We stopped at the Flamingo Visitor Center and saw two crocodiles and a few manatees. The water wasn’t as clear here, so we could only see them when they poked out. We saw some nesting ospreys and so many other birds.
There were boat and kayak launches throughout the park as well. The Flamingo Visitor Center had a food truck there making some tasty burgers, so we grabbed a quick lunch (Weeki Tiki Food Truck, $9.50 for a burger).
I would definitely recommend visiting the Everglades National Park!
Note: Each Visitor Center had their own stamp, if you collect them.
After being in Orlando for a few weeks, we wanted to see Miami as well. The drive wasn’t too long and we found a RV site at a Thousand Trails. This one wasn’t part of our membership, and we ended up paying for the stay.
We drove to Miami Beach and South Beach, but were only able to get glimpses of it from the road. We were unable to find any parking spots, so we didn’t make it onto the beach. From what we could see, it did look beautiful.
It was still really neat to see the city.
We also stopped at a Costco (I know…huge surprise!) and saw a few new items. This Costco had cheese flan, guava topped cheesecake, raspberry lemon muffins, and cornbread muffins.
We grabbed lunch at Casa Carlos. It was in a strip mall and was really good food. We got a Cuban sandwich, flan, and fried plantains.
General: The Thousand Trails RV Resort in Orlando is a huge campground (I believe they told us it has 1000 sites). There are several ponds on the campus (map had alligator warnings). It is located off of a busy road, but close to grocery stores. The campground interior roads were nicely paved. The newer section had paved sites, but WiFi was listed as not available there. Most sites were grass/sand. We had a 50 amp site, although our bonus 20 amp plug at the electric box did not work.
COVID: Mask wearing was a problem.
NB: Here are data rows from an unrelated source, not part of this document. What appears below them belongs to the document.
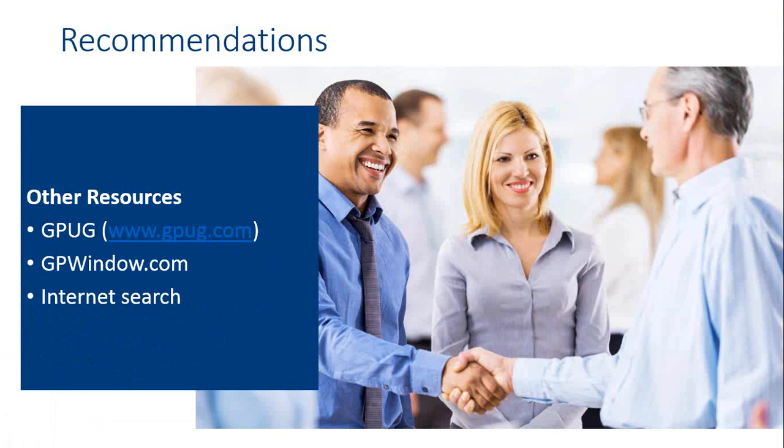Some other resources available to you are GPUG — the GP User Group — at www.gpug.com. There's also a website, www.gpwindow.com, where a variety of experts on GP will provide knowledge, including on the year-end process. You can also do an internet search to find some of these processes. Make sure you're using your resources — that's very important in making sure you have a successful year-end.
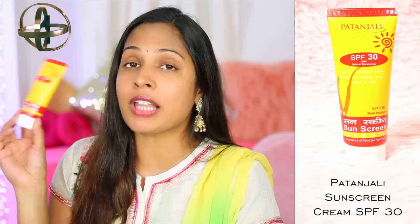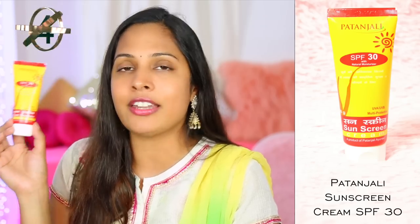Number 4 on my list is Patanjali Sunscreen with SPF 30, retailing for Rs. 100. The packaging states it protects from UVA and UVB rays, but PA++++ or any PA rating is not mentioned, which is a downside. The consistency is like Boroplast with sunscreen, so it will moisturize your skin well for dry to normal skin tones, though it does leave a slightly white cast on your face.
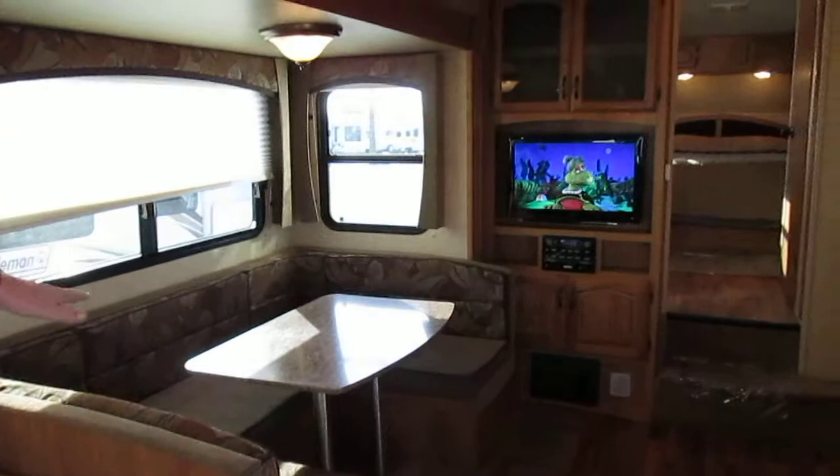Flat screen TV and DVD player, solid oak cabinetry.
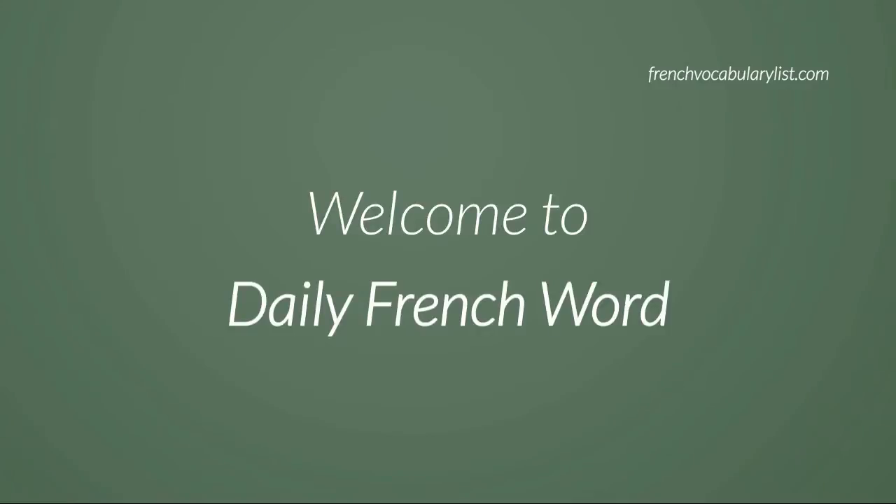Welcome to our series of Today's French Word. The word we're going to learn today is 'et.' The English meaning of this word is AND. Repeat after me: et.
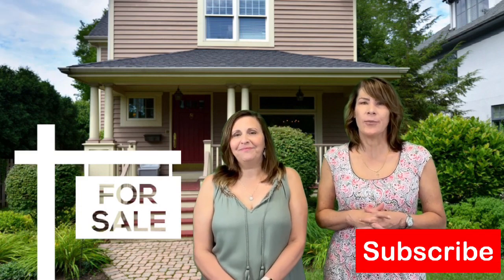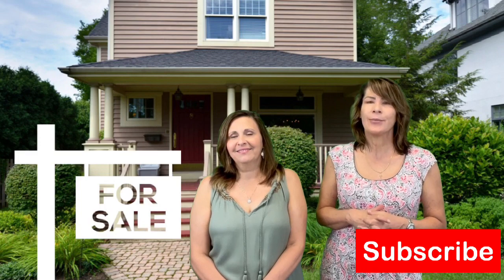We are the McLaughlin and Summer Team with Century 21 Redwood in Ashburn. Please subscribe.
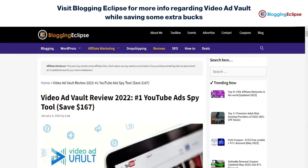Hello guys, welcome back to Blogging Eclipse. Today we are going to review Video Ad Vault, basically an ad spy tool for YouTube that can help you with searching for hot selling products or finding ads that are engaging over YouTube.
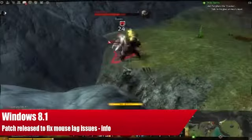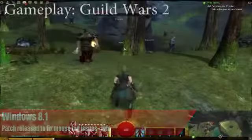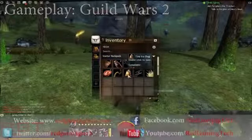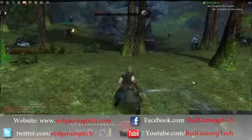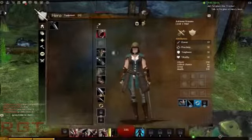Hello and welcome once again to Red Gaming Tech for yet more of your daily gaming news and myself, Amata. Today is the 10th of November and this time I bring you yet more news from Windows 8.1. Some of you probably remember the 8.1 update brought with it some rather frustrating problems in the form of mouse lag for several games.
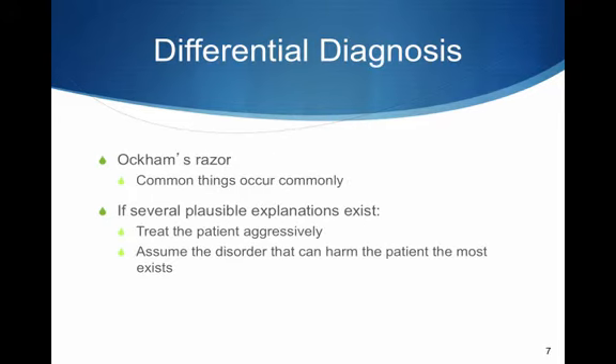Differential diagnosis — Occam's razor: if all things are equal, the simplest solution tends to be the best one. Common things occur commonly. If it looks like a duck, walks like a duck, and talks like a duck, it's a duck. If a patient has emphysema, asthma, or COPD and shortness of breath is their complaint, there's a good chance their chronic disease had something to do with it. Treat the patient aggressively and assume the disorder can actually harm the patient.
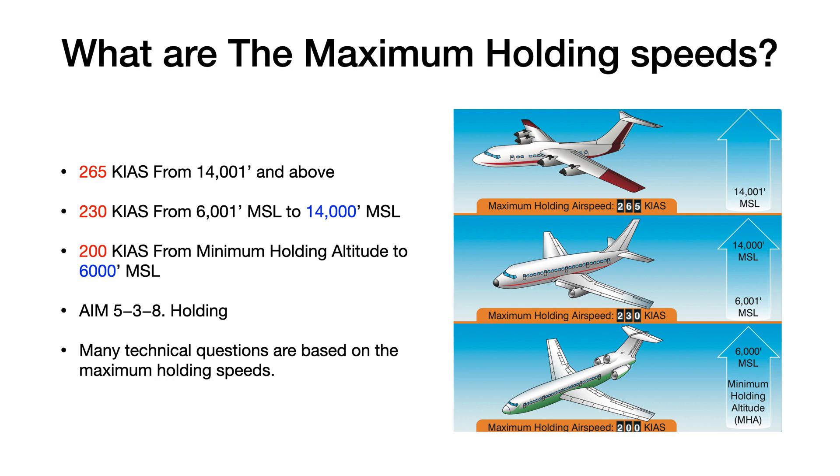Remember this: many technical questions are based on the maximum holding speeds. We have about a dozen questions that come from this, so it's really important to remember. Again, those five things: 6,000 and 14,000, and 200, 230, and 265, as highlighted here.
Our escort to our site wore a mask, but the gate staff did not (had it on, but wore as a chin strap/neck warmer). Very few people wore masks unless it was inside.
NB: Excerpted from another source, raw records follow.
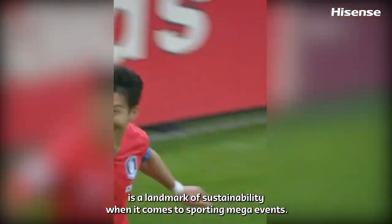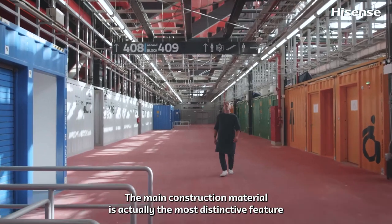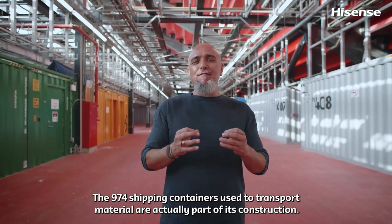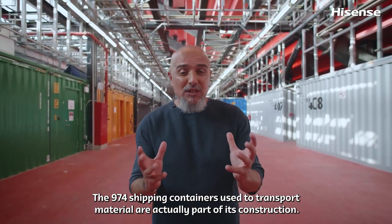Ras Abu Abud Stadium is the landmark of sustainability when it comes to sporting mega events. The main construction material is actually the most distinctive feature — the 974 shipping containers used to transport the material are actually part of its construction.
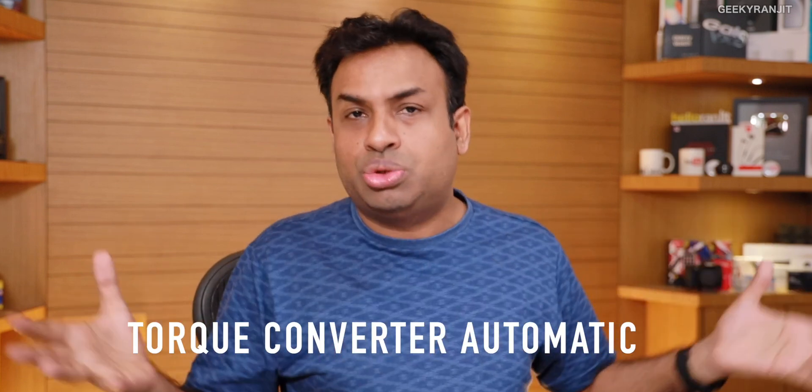Next we have the traditional automatic, known as the torque converter. In the US, going back to 1965 and beyond, all the automatic cars were using this. It's one of the most popular and oldest automatic transmissions. Because the technology has matured so much, it is one of the most reliable automatics you can get. If a car doesn't specify AMT, DCT, or CVT, it will likely be a torque converter. Some German brands like BMW still use the torque converter, and it's very reliable.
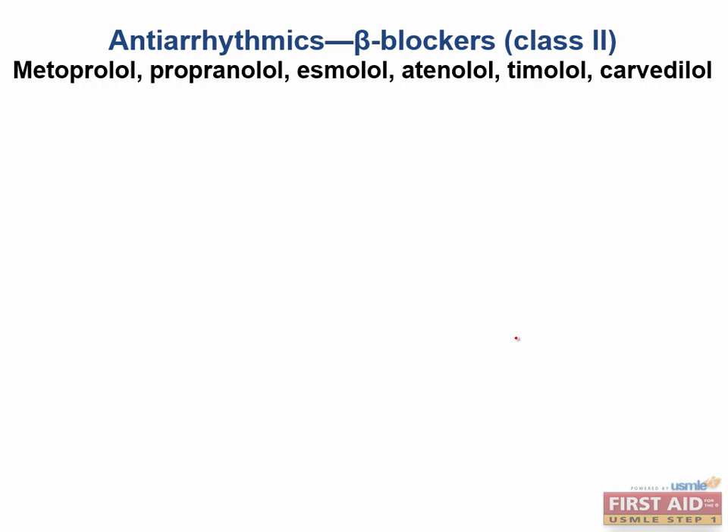Now we go to class 2. As you can see, most of the beta blockers end in LOL. All the ones listed are non-selective beta blockers. They block beta-1 and beta-2 receptors.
Check-in: Check-in is at 12:00, preferably at 12:01 (per the front gate). We were there at 11:50 and told we had to turn around and come back. We got there at 12:04 and had a line of at least 18 in front of us. The check in lines were huge and took up the entire 1/2 mile driveway. To check in, you enter the campgrounds driveway, give your name to the front gate, proceed to the Recreation Building’s parking lot, check in and get the campground map/book, wait your turn and are escorted to a site. Our site was a corner lot, which gave us a little extra room, which was nice.
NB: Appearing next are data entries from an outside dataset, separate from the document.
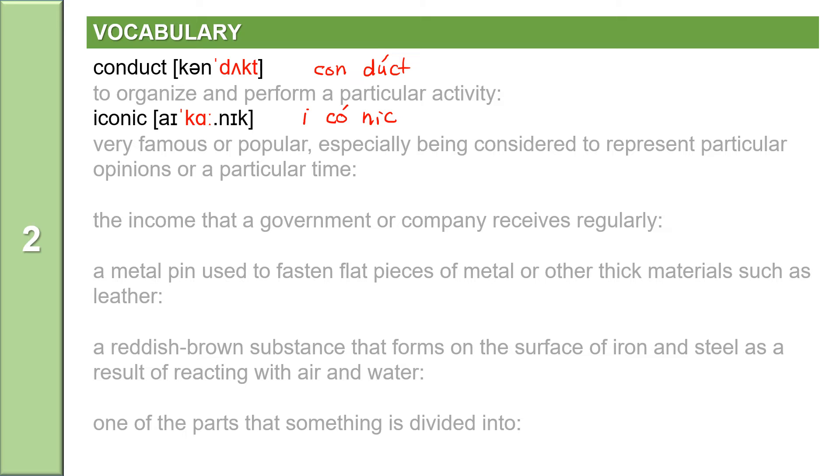The next word: revenue. The income that a government or company receives regularly is revenue. Revenue is a noun and it has three syllables: r-e-v-e-n-u-e. Stress on the first syllable: revenue. Revenue means the income that a government or company receives regularly. The next word: rivet. A metal pin used to fasten flat pieces of metal or other thick materials such as leather is a rivet.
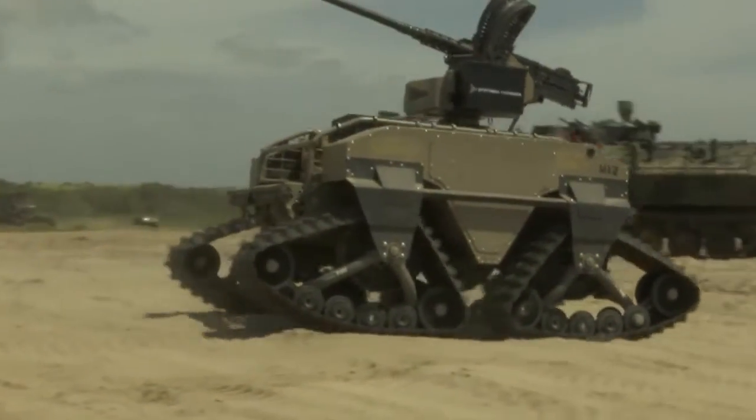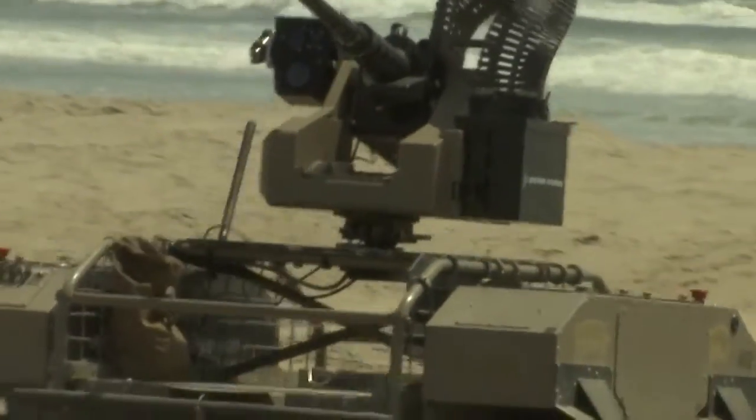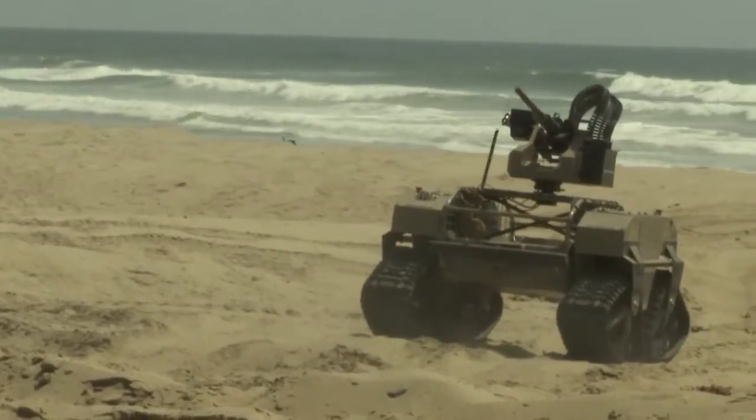The other technology is a robotics appliqué. We have it on the amphibious assault vehicle, and that provides teleoperation and leader-follower technology.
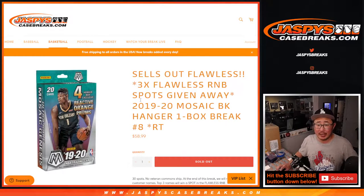Hi everybody, Joe for jazpyscasebreaks.com, coming at you with 2019-2020 Mosaic Basketball Hanger Box Break No. 8. This is with the reactive orange parallels — those are the fun exclusives there.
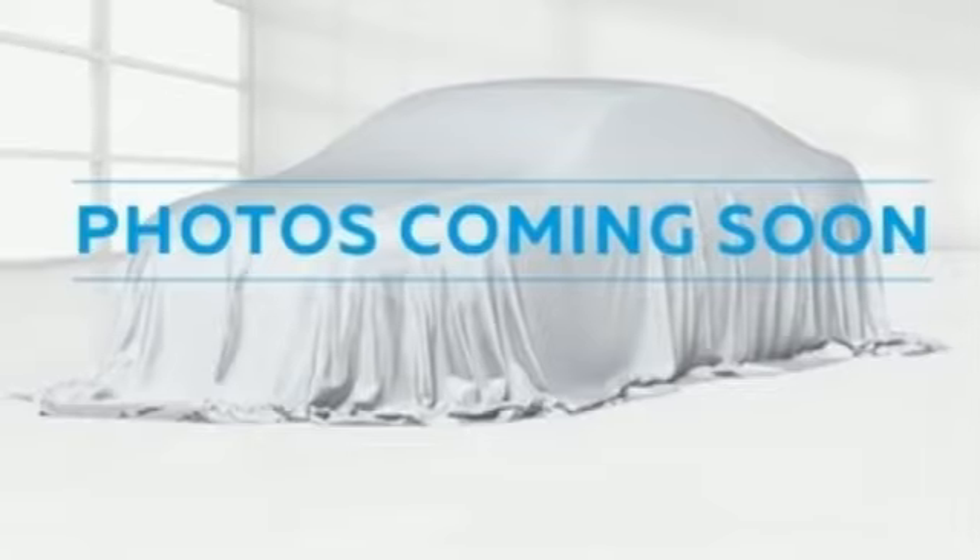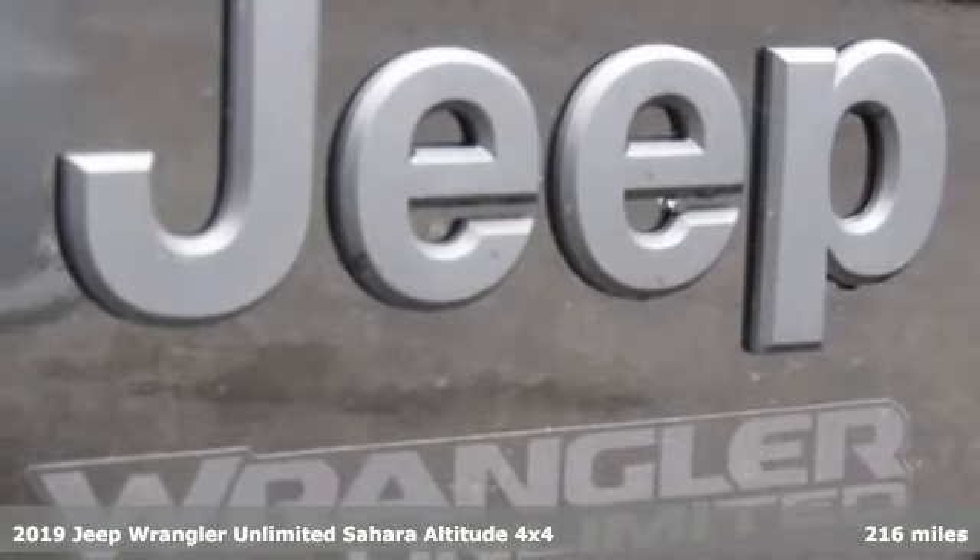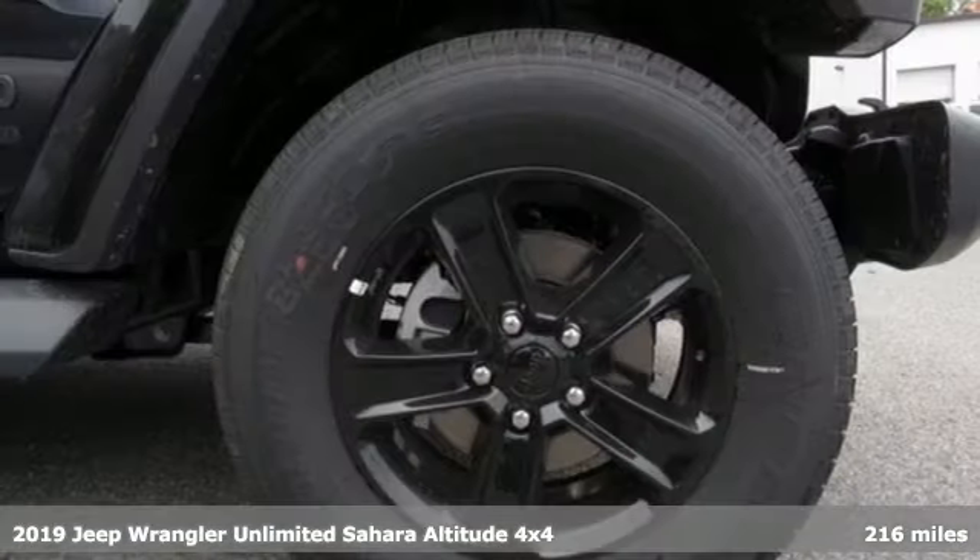It's a new 2019 Jeep Wrangler Unlimited. With four doors and legendary off-road capability, the world opens up to endless possibilities.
Review: This Thousand Trails location was much better than the other ones we have stayed at. They offered a few planned activities (Saturday donuts, Candy Bar Bingo on Wednesdays, walking group, knitting on Tuesdays, Poker, paid painting class, Food Truck Thursdays). There was no cable, but we were able to stream Netflix through our hotspot.
All in all, we enjoyed the amenities this park had to offer. Most of the sites in the park looked nice, although there were a few in the back that were really tight.
They offered propane refill for $3.25/gallon (our standard 20lb. tank, like on a grill, is about 4.6 gallons).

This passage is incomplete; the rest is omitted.